Once we fished it out, we realized it was actually eggs! Tubes of eggs. But, what kind of eggs, we weren't sure. We couldn't see anything in the area that would be laying them. So, after my inquisitive Boy examined it close up and then gave it a touch to see just how gooey it was, we put it gently back in the water and picked up our stuff.

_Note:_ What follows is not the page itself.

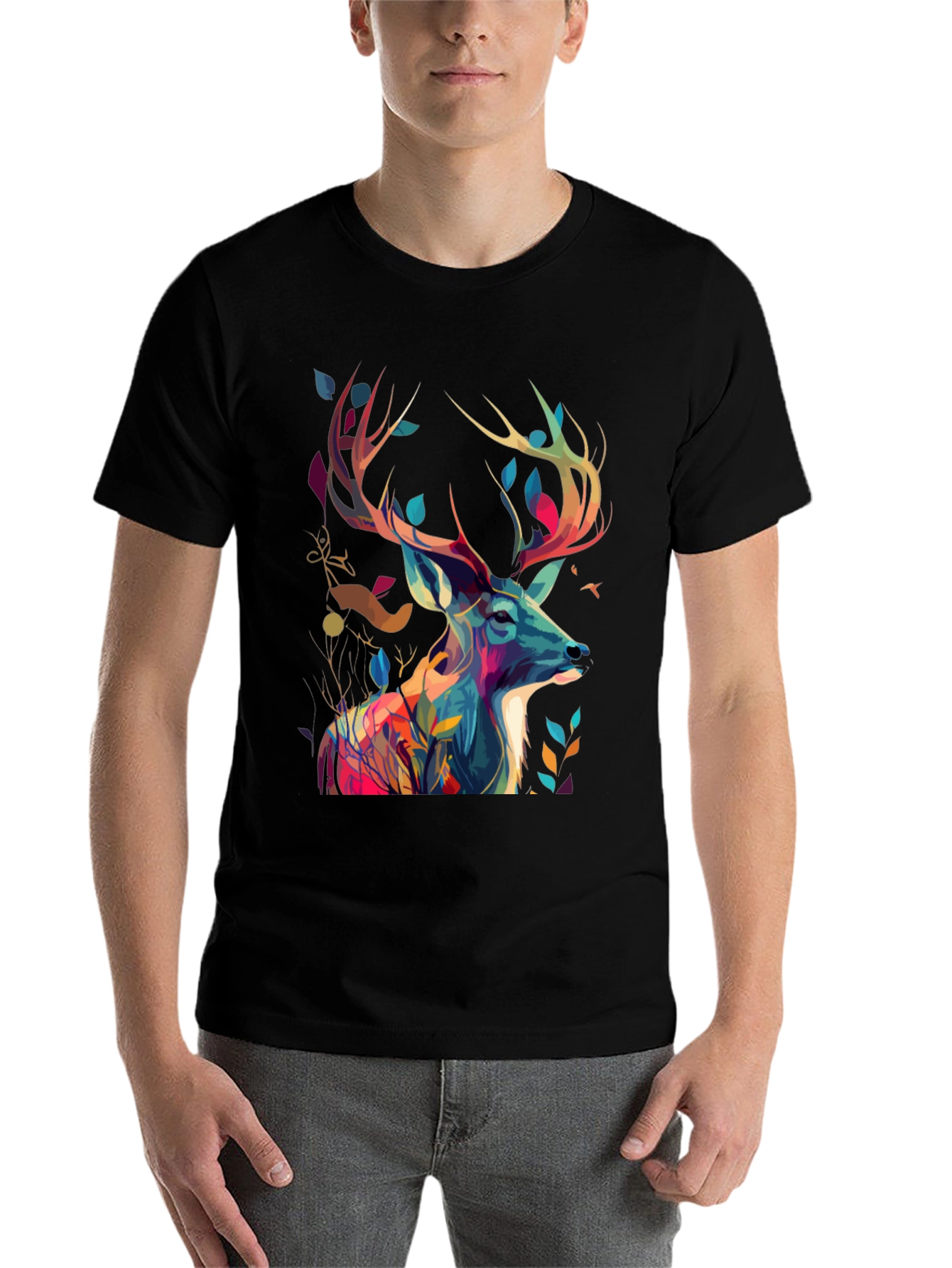 Black Artistic Deer Graphic Tee - Black Cotton Blend view 7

As we stood up a group of old Japanese ladies came toward us. One of the ladies said a whole lot of stuff that I didn't understand one single word. Eventually, she just motioned for us to follow. So, we did. We walked a few steps down the boardwalk to where she was pointing. I still couldn't understand her, and had no idea what she was pointing at. Finally, I thought maybe the brown lump in the middle of the reeds was maybe a frog. I said, "ribbit", but she didn't seem to understand. Maybe Japanese frogs don't say ribbit? Then, all of a sudden, the brown lump moved! The kids screeched, the Japanese ladies said, "Aaahhh", and I pulled out my camera. Two frogs making eggs! We thanked the ladies, who went off to rejoin their group, and then Mackenzie said, "This is just like a school lesson, but in the forest!" Then, the kids started rattling off all kinds of facts about frogs, the temperature for laying eggs, the gel around the eggs, the stages of a frog's life. I said, "Wow! Where did you learn this?" (side note: this year we are studying flying creatures. No frogs in our lessons yet) Mackenzie stood up and said, "We learned this from 'Wild Kratts'. Today we are teaching you, Mommy!"

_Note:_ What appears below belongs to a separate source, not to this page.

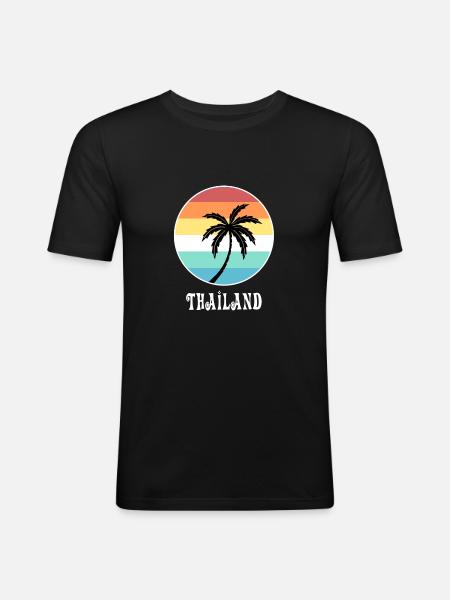 Thaïlande - T-shirt près du corps Homme - noir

After we stood there and watched and talked about them for quite a while, the couple decided to move under a branch so we couldn't see them anymore. This is when we moved on as well.
This is where the boardwalk splits. To the left is the path that leads to the end of the boardwalk. We walked up there first, then decided to go back to the split and head to the right side of this picture.

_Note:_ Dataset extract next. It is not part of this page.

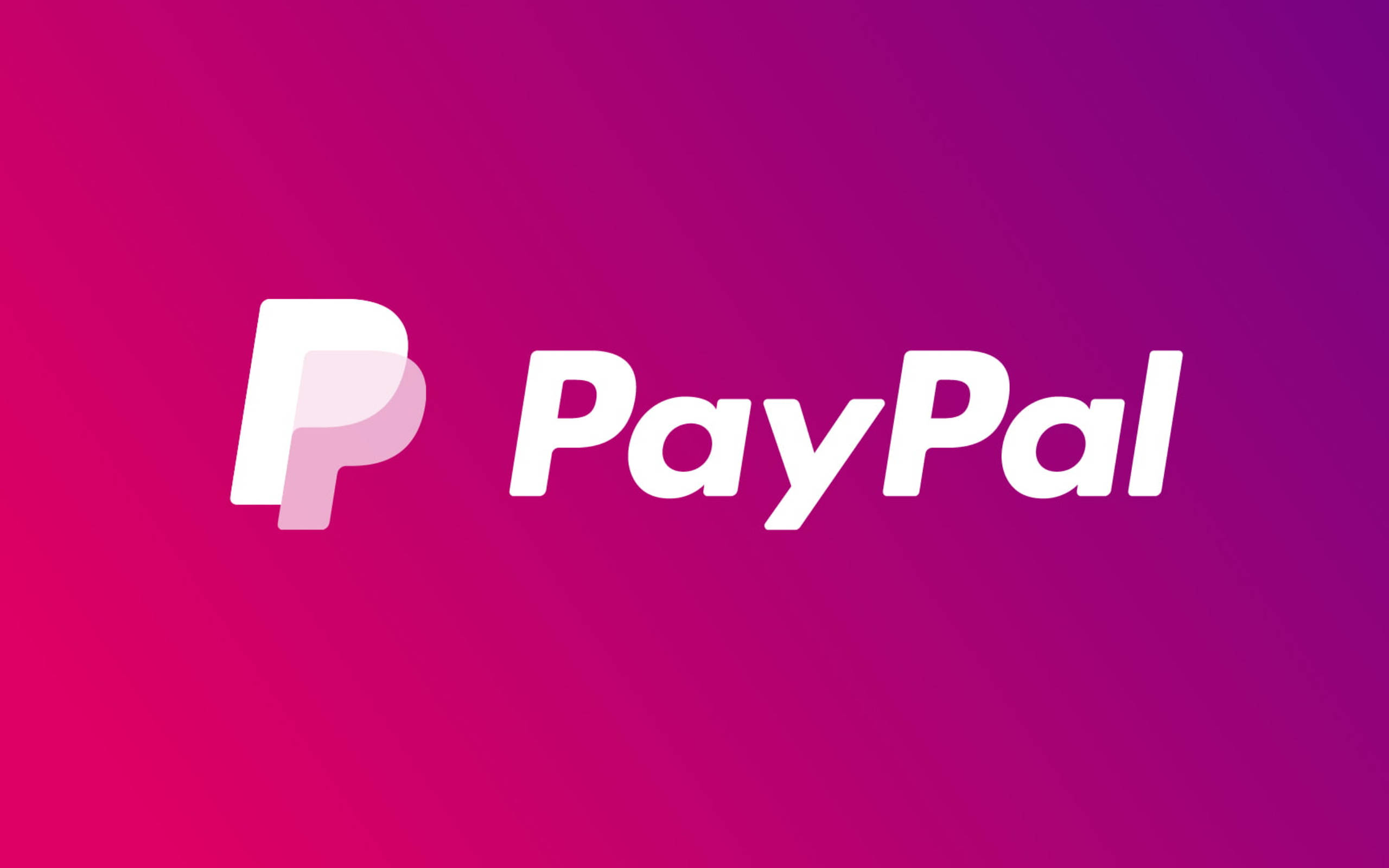 PayPal 桌布 壁紙 — 白色的PayPal標誌在充滿活力的粉紅到紫色漸變背景上脫穎而出。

When we left the house, we were quite excited to see the beautiful blue sky. What we couldn't see from our apartment was the ferocious wind! It wasn't bad in the forest, but on the road to the park and then the road back to the station it was horrible! A few times it actually blew us backwards a few steps. Yokosuka had 30 mph winds gusting to 40-45. I'm not sure if the wind was any stronger down here by the water, but it was pretty crazy! Just look at the choppy water.
After a winter where we didn't hike on a weekly basis, the kids complained a lot more than they usually do. They were very excited to have the opportunity to skip school that morning, though. I think if the wind wasn't so crazy there would have been a little less complaining. Oh, a crab sighting or two would have helped, too. Now that I know where to enter we can get back without so much walking around the city. You would think that by now I would realize that most hiking trails seem to start in someone's backyard and it wouldn't be so easy for me to miss it. Oh well! Another adventure to add to the books!